The Israel National Trail (Shvil Israel) takes you across the entire country, providing a chance to see biblical sites, gorgeous scenery, and modern Israeli life. It passes through forests, deserts, villages, and historic sites.
Inaugurated in 1994, the Israel National Trail (INT) is managed by the Israel Trails Committee. The founders of the trail wanted to provide Israelis with a way to explore the country, drawing inspiration from the Appalachian Trails.
If you are planning a trip to Israel or looking for a new hiking destination, examine the following guide.
Israel National Trail Route Outline
The trail covers over 1000 kilometers, extending from the mountainous Upper Galilee to the waters of the red sea.
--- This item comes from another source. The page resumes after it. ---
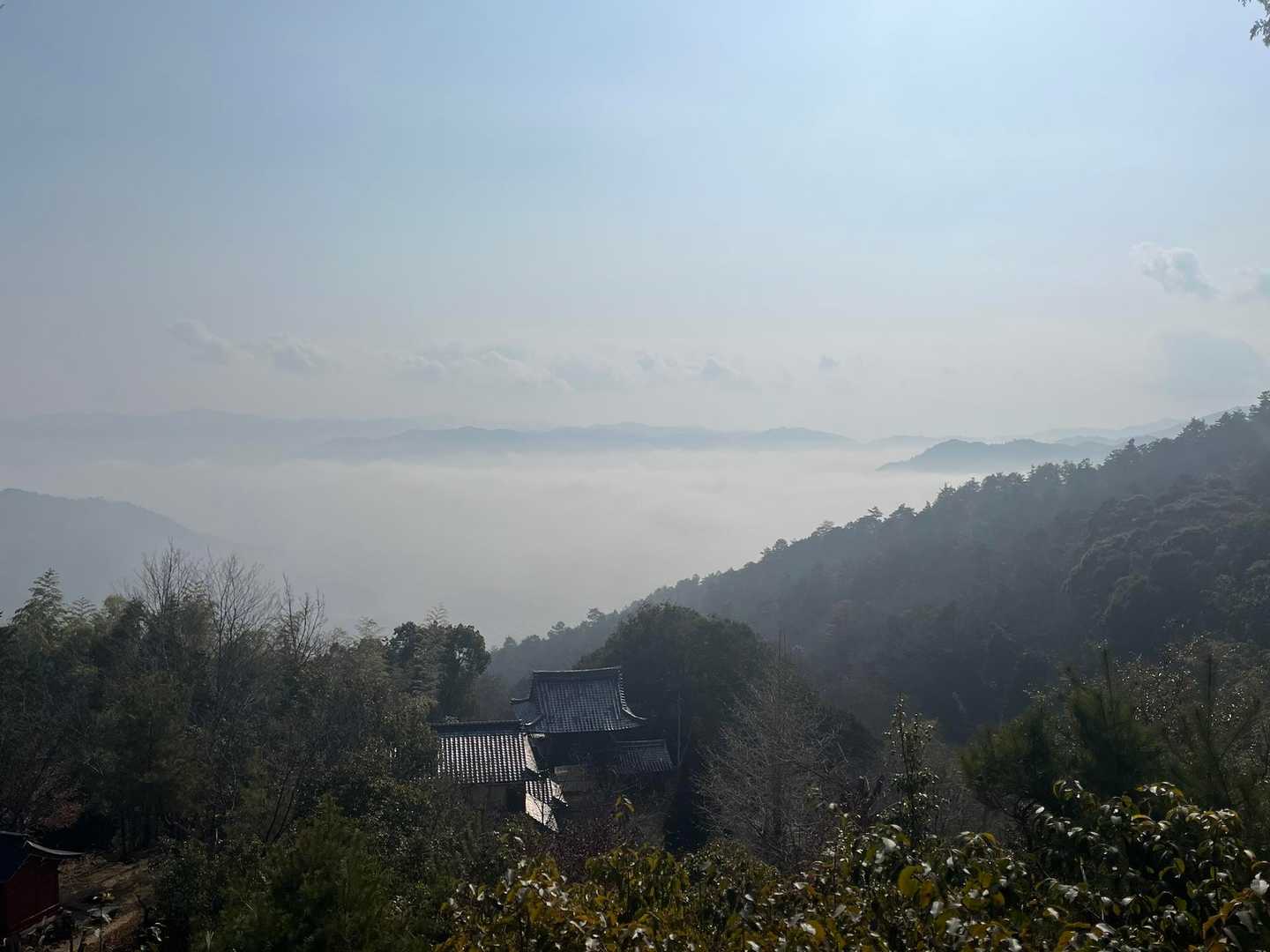 展望場所から
お昼前なのに、まだまだ雲海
Hiking the entire path takes three to eight weeks, depending on your hiking experience, pace, and which color marker you choose to follow.
Due to the length of the route, most hikers do not complete the entire trail. In 2010, the Israel Trails Committee divided the route into 12 smaller sections, allowing hikers to travel individual portions of the trail. Some of the sections provide short one-day or weekend hikes.
The trail starts at the northern edge of Israel in the Galilee near the Lebanon border. The region is mountainous and contains many cliffs. Some parts are deserted, while others feature planted forests and natural vegetation.
As you work your way south toward the center of the country, the landscape gives way to flat plains and various rural agricultural communities. The trail comes close to the densely populated cities while keeping you far enough away to remain surrounded by nature.
After you pass Jerusalem, the trail previously took you from Arad directly to HaMakhtesh HaKatan (the small crater). The 40-kilometer trek cut out the Dead Sea from the trail.
Toward the southern portion of the trail, the scenery changes to a barren desert landscape. This is the toughest portion of the route, requiring careful planning for water and supplies.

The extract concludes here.